– In which Dorn spins a terrifyingly true tale of a fight to the death—and beyond!
he wounds, both physical and emotional, from my bloody battles since July with Arum Italicum are slowly mending. The blisters on my hands from ripping these agressive aliens out of the ground by the throat have broken and healed, and the angry red weal on my leg where I was splashed with their alien acid-blood has gradually faded to the dull pink-gray of an ancient war injury.
I had hoped my repeated skirmishes with the wily Roman weed were now behind me, only fodder for whispered tales (retold here, here, and here) to scare the virtual children around the virtual campfire on a cold dark night.

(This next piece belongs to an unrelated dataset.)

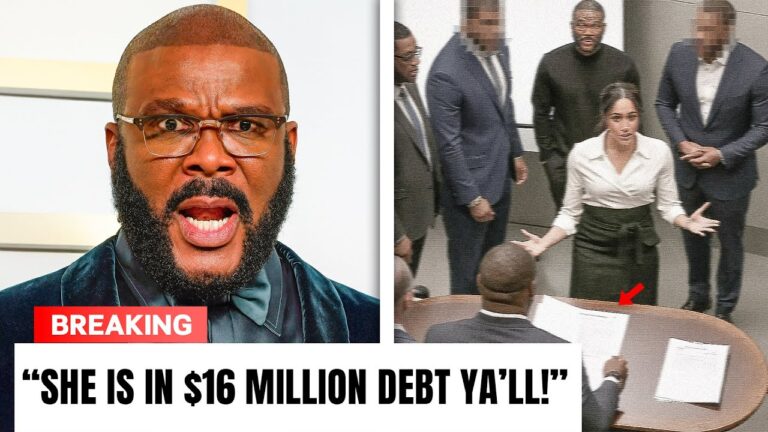 Meghan Markle FURIOUS After Tyler Perry’s Shocking Betrayal!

Yesterday I was puttering around in the yard, and something out of place caught my eye—there in the yard, towering high (well, several inches) above the struggling grasses and weeds that make up our turf, was a single broad, variegated leaf growing straight up from out of the ground.

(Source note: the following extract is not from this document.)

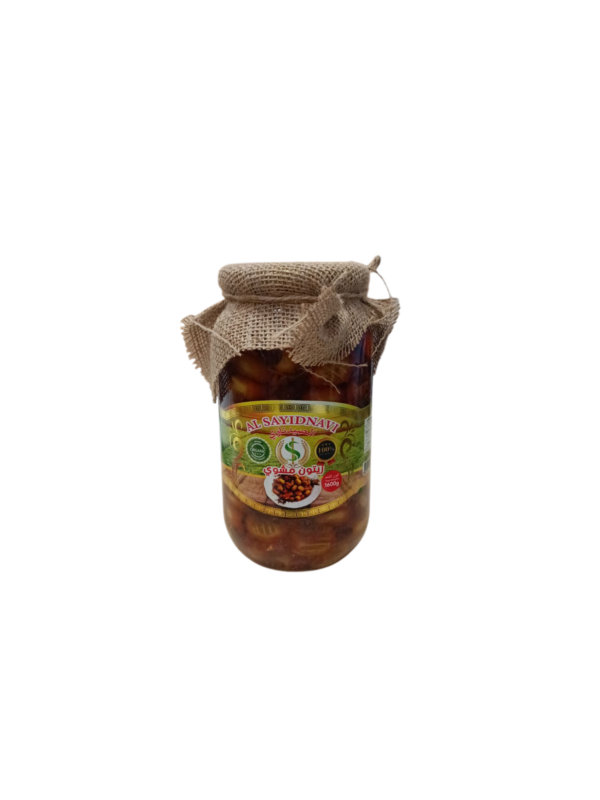 Al Sayidnavi Gegrillte Grüne Oliven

What could it be? I wondered. I hadn’t seen a weed like that before in our yard. Do we have a new immigrant? Suddenly, I felt my stomach drop and a wave of paranoia washed over me (you know, like when you first see the zombie out the window illuminated by a lightning flash on a dark stormy night)!
During all my fights with Arum Italicum (also known as “Italian lords and ladies” by those who have fallen under its imperious grasp), I was always fixated on the bright festive cluster of berries that make it such a sought-after ornamental plant in its native country of Transylvania. Well, that, and the hard-to-extract corms buried deep underground like frozen tundral mastadon corpses, from which the heinous herb shoots out its fruiting bodies. I realized I didn’t even remember seeing any leaves, or if I did, what they looked like.
Google to the rescue! With trembling thumbs, I did a quick query of “variegated spear-shaped leaves” that brought up a page full of images. “Maybe“, I told myself, “it’s some harmless plant, like spearmint, or, I don’t know, arrowroot. After all, this is far from my old Arum Italicum battleground. It’s not even downstream from it.” I held my breath as I clicked on the image that most resembled my lawn find, only much, much bigger.
“ITALIAN ARUM!” screamed the caption! It was the same fiendish fern that I thought I had consigned to a deep earthy grave in the local landfill!
So I was donning my hazmat suit (fool me once, you acid-spewing triffid!) for another turf war (ha-ha, get it?) with this invasive, Facebook-friending herbaceous hooligan, when I had another chilling thought: “If one of the plants was able to escape and propagate way over here, what might be happening at the original invasion site?”
So I calmed my trembling limbs, crept carefully over to the area of the original landing of these invaders, and peered at the ground illuminated with a single flickering candle (and the sun, of course)….
They were EVERYWHERE! An army of them! They were my own personal Birnam Wood coming to destroy my Dunsinane! If anything, it seemed like there were more of them than took part in the original invasion.
And all pretense of finery was gone—no bright berry caps raised up on jaunty stalks, just row upon row of these fierce jagged leaves, coming at me, closer, closer, CLOSER… AAAAAAAAAAAAAAAAAAAAAAAAAAAAAAAAAAAAAAAAAAAAAAAAAAAAAAAAAAAHHHH!!!!